À l'époque de sa sortie, Heavenly Sword a été plutôt descendu par la presse. Il y a des raisons légitimes à cela, mais aussi une bonne part de mauvaise foi puante. Pour être clair au plus vite, Heavenly Sword est un bon jeu si on se le prend à petit prix des années après la guerre, et un jeu clairement décevant à l'époque pour une exclusivité Sony, si on se remet dans le contexte. Parce qu'Heavenly Sword, c'était une promesse, d'abord d'avoir un jeu solide sur une console de luxe à 600 bâtons où les jeux tardaient à arriver, ensuite d'avoir de quoi se mettre sous la dent en attendant God of War 3.

Heavenly Sword aurait pu être un très bon jeu, voire un grand jeu. Il y a tout de même plusieurs aspects qui le tirent vers le bas ; une direction artistique qui manque d'assurance, des personnages d'un ridicule embarassant, et quelques phases de gameplay pas très au point. En somme, on côtoie de l'excellent travail avec des défauts qui auraient pu être facilement évitables.
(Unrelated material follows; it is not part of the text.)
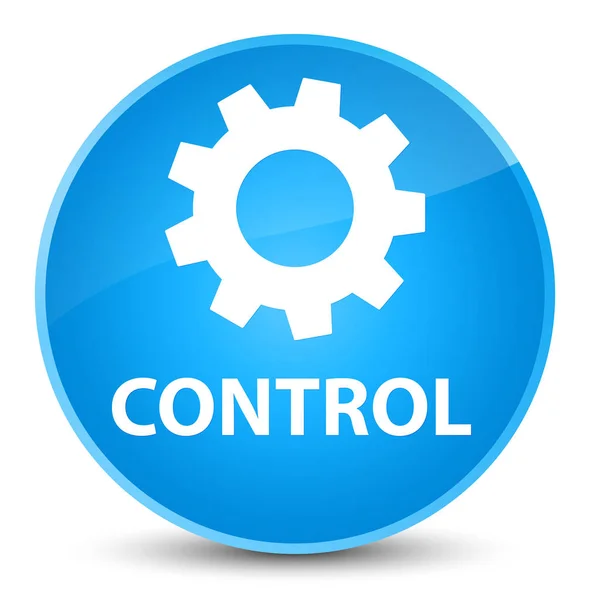 Controle (ícone de configurações) botão redondo azul ciano elegante — Fotografia de Stock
L'histoire et la narration

L'histoire d'Heavenly Sword est simple ; le méchant peuple de Bohan décime le gentil peuple de notre gentille et rebelle héroïne Nariko, pour mettre la main sur une épée légendaire ; heavenly sword.
Au lieu de fuir avec l'épée comme le lui recommande son papa, Nariko décide de se battre. Seulement, l'heavenly sword est maudite, et tuera celui (ou celle, en l'occurence) qui l'utilisera, afin de justifier le dicton "qui vivra par l'épée périra par l'épée".

Si on fait abstraction des personnages ridicules (en fait on n'y arrive pas), l'histoire est bien racontée. Heavenly Sword est un jeu très scénarisé, avec de nombreuses cinématiques, ce qui a déplu à l'époque aux joueurs, car ils avaient l'impression de suivre un film au lieu de jouer. Maintenant ils ne réclament plus que cela... (va comprendre, Charles...).
S'il y a effectivement de nombreuses scènes cinématiques, elles s'intègrent très bien au gameplay. En fait, loin d'avoir l'impression de regarder passivement un film, on a plutôt le sentiment de participer activement à l'aventure. La façon dont se mélangent histoire et gameplay est extrêmement bien fichue, c'est très inventif et efficace dans la narration. Même si on n'échappe pas au standard de la cinématique, Heavenly Sword a une façon bien à lui de souligner les enjeux.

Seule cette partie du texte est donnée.